A current `i` ampere flows along the inner conductor of a coaxial cable and returns along the outer conductor of the cable, then the magnetic induction at any point outside the conductor at a distance `r` meter from the axis is

To solve the problem of finding the magnetic induction (magnetic field) at a point outside a coaxial cable with a current `i` flowing in the inner conductor and returning in the outer conductor, we can follow these steps: ### Step-by-Step Solution: 1. **Understanding the Configuration**: - We have a coaxial cable consisting of an inner conductor and an outer conductor. - The current `i` flows along the inner conductor and returns along the outer conductor. 2. **Identifying the Point of Interest**: - We are interested in finding the magnetic field at a distance `r` from the axis of the coaxial cable, where `r` is greater than the radius of the outer conductor. 3. **Applying Ampere's Law**: - According to Ampere's Law, the line integral of the magnetic field `B` around a closed loop is equal to the permeability of free space `μ₀` multiplied by the total current `I_enc` enclosed by that loop: \[ \oint B \cdot dl = μ₀ I_{enc} \] 4. **Choosing an Amperian Loop**: - We choose a circular Amperian loop of radius `r` centered on the axis of the coaxial cable.
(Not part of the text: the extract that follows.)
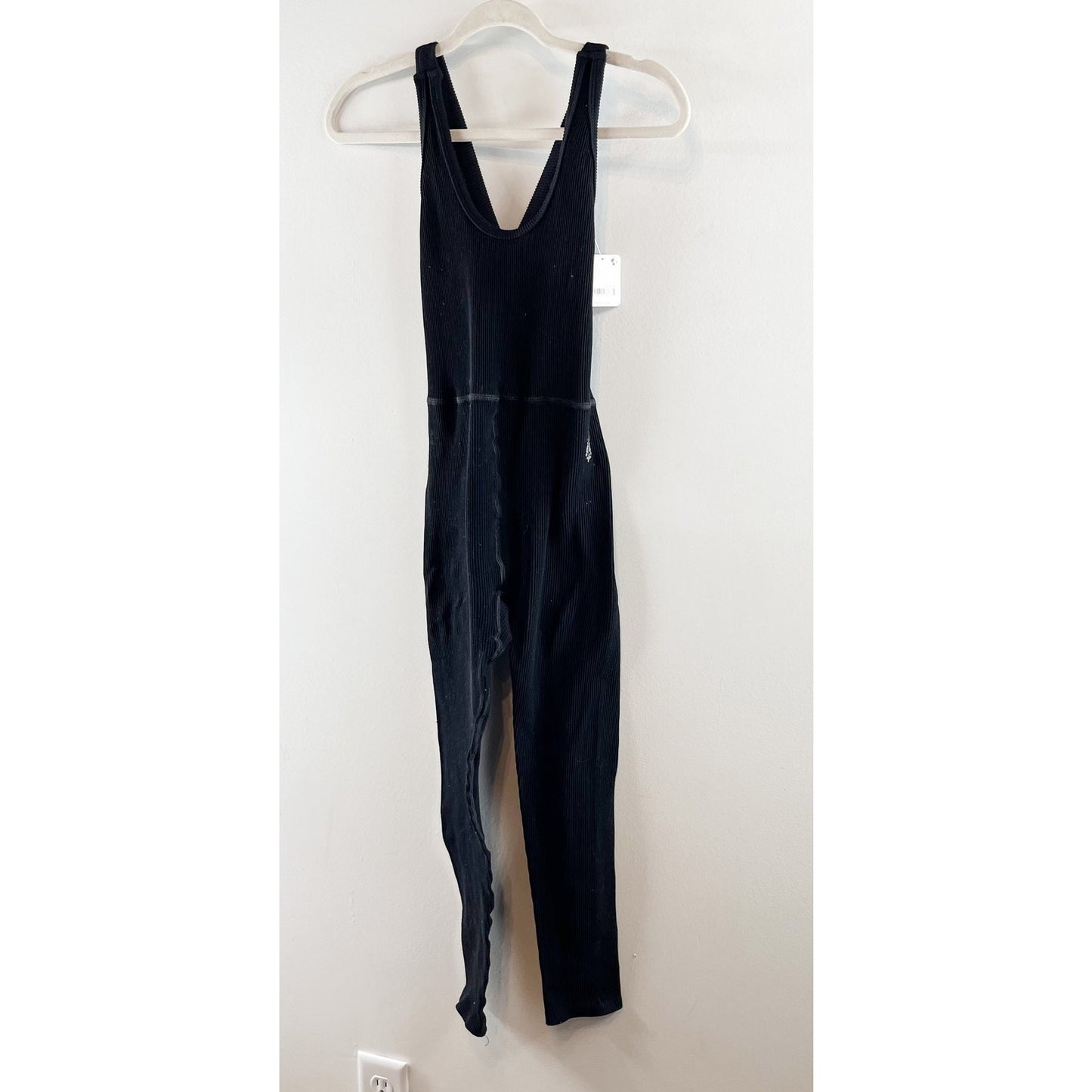 Free People Movement Free Throw Ribbed Onsie Jumpsuit Black Small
This loop is outside both the inner and outer conductors. 5. **Calculating the Enclosed Current**: - Since the current `i` flows in the inner conductor and returns in the outer conductor, the total current enclosed by our Amperian loop is: \[ I_{enc} = i - i = 0 \] - Thus, the net current enclosed by the loop is zero. 6. **Applying Ampere's Law**: - Substituting `I_enc = 0` into Ampere's Law gives: \[ \oint B \cdot dl = μ₀ \cdot 0 = 0 \] - This implies that the magnetic field `B` at distance `r` is zero. 7. **Conclusion**: - Therefore, the magnetic induction (magnetic field) at any point outside the coaxial cable is: \[ B = 0 \] ### Final Answer: The magnetic induction at any point outside the conductor at a distance `r` from the axis is **0**. ---